Toda ciudad con más de un equipo tiene un derby, y más bien lo atípico sería que entre vecinos no exista rivalidad. Lo que hace distinto al caso madrileño, donde Real festejó la semana pasada y Atlético ésta, es que los contendientes no coincidan ni en el sitio donde festejan.

 

¿Por qué accidentes históricos la majestuosa Cibeles, diosa de la Madre Tierra, patrona de leones que desfilan bajo su carroza, tenía que ser merengue o madridista? ¿Por qué caprichos del destino, Neptuno o Poseidón, tan poderoso y suficiente gobernando aguas y mares, es colchonero o atlético?

 

A diferencia de muchos clubes del mundo, los dos principales de la capital española carecían de sitio de celebración hasta bien entrados los años ochenta.
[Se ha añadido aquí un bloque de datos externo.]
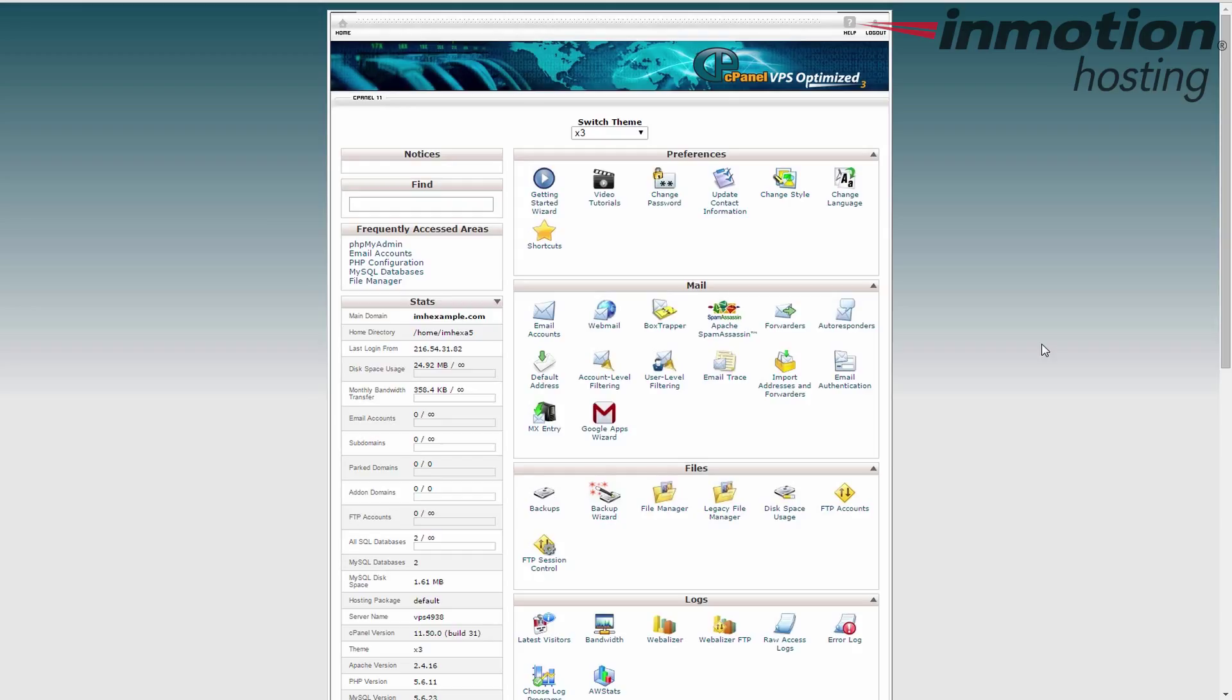You can also do the same thing with bandwidth and allow a certain amount of bandwidth per month. In that case, say I was allowed 10 gigs, then it would say 358.4 kilobytes out of 10 gigabytes. All right. So that's how you understand why it shows infinity on most cPanels.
Ni la Puerta del Sol que marca el kilómetro cero, ni la Plaza Mayor más merodeada por turistas que por locales, ni alguna otra glorieta o explanada de Madrid, estaban tradicionalmente asociadas con verbenas futboleras.

 

Esto cambió durante la noche del 18 de junio de 1986, mientras la selección española goleaba a la temible Dinamarca en Querétaro, dentro del Mundial México 86. Emilio Butragueño anotó cuatro goles y por siempre quedó aferrado por sus gestas a la cancha de La Corregidora, pero al mismo tiempo marcó a la Cibeles. Los aficionados españoles celebraron espontáneamente en dicha plaza. Al relacionarse selección española con Real Madrid –siempre ha sucedido pero más esa vez por la cantidad de merengues convocados- los blancos heredaron de forma inmediata a la Cibeles, que lo ha llegado a lamentar al haber quedado manca a consecuencia del hooliganesco festejo de algún título.

 

Por esos años, el Atlético fue comprado por un personaje llamado Jesús Gil y Gil, quien prometía que pronto sería desplazado el Real como grande de España, que las glorias a partir de ese momento serían rojiblancas.

 

Pasados unos años, el Atleti se metió a una final de Copa del Rey y en alguna entrevista el controvertido Gil fue consultado si estaban listos para festejar en la Cibeles, a lo que salió del paso afirmando que “de ninguna manera, la Cibeles es madridista, nosotros vamos a la Neptuno”.

 

Así, separadas por no más de 400 metros, cada escultura terminó por ser afiliada a un equipo y, si algo pudieran decirse desde sus respectivas fuentes, seguramente Neptuno se burlaría de Cibeles por no tener que ser montado e invadido de forma tan recurrente (aunque el Barcelona ha hecho mucho en los últimos años para darle cierto descanso).

 

Pero más allá de glorietas o divinidades antiguas, la esencia de estos clubes es muy distinta. A la soberbia e insaciabilidad madridista (resort en el Golfo Pérsico, derechos de televisión negociados sin solidaridad con sus más humildes rivales, clubes de socios en cada confín de la tierra y la vitrina de trofeos más amplia que pueda hallarse), sus vecinos responden bajo la frase existencialista de,“¿por qué somos del Atleti?”, duda que difícilmente corroería al imaginario colectivo madridista. Esa pregunta, planteada en un anuncio del club por un niño harto de tanta derrota y frustración, dice demasiado.

 

El Atlético, casi siempre nostálgico de su pasado, es el mala suerte del futbol español (no lo digo yo, lo dijo su presidente más emblemático Vicente Calderón), el que suele prometer más de lo que entrega, el que tiene además la afición más fiel –y algo masoquista- en el firmamento ibérico… O como dice Joaquín Sabina en la canción del centenario: “¡Qué manera de subir y bajar de las nubes!” o “¡Qué manera de sufrir!” o “¡Qué manera de aguantar!” o “¡Qué manera de morir!”, renglones todos que no presumiría o clamaría algún club… A menos que de tanto padecer dicho club haya asumido que su esencia es adolorida y mejor llevar el dolor con dignidad y orgullo.

 

El asunto es que la semana pasada el Madrid invadió a la Cibeles tras ganar la liga, y ésta el Atleti profanó al Neptuno tras conquistar la Europa League. Tanto afán de diferenciación que ni glorieta de festejo podían compartir.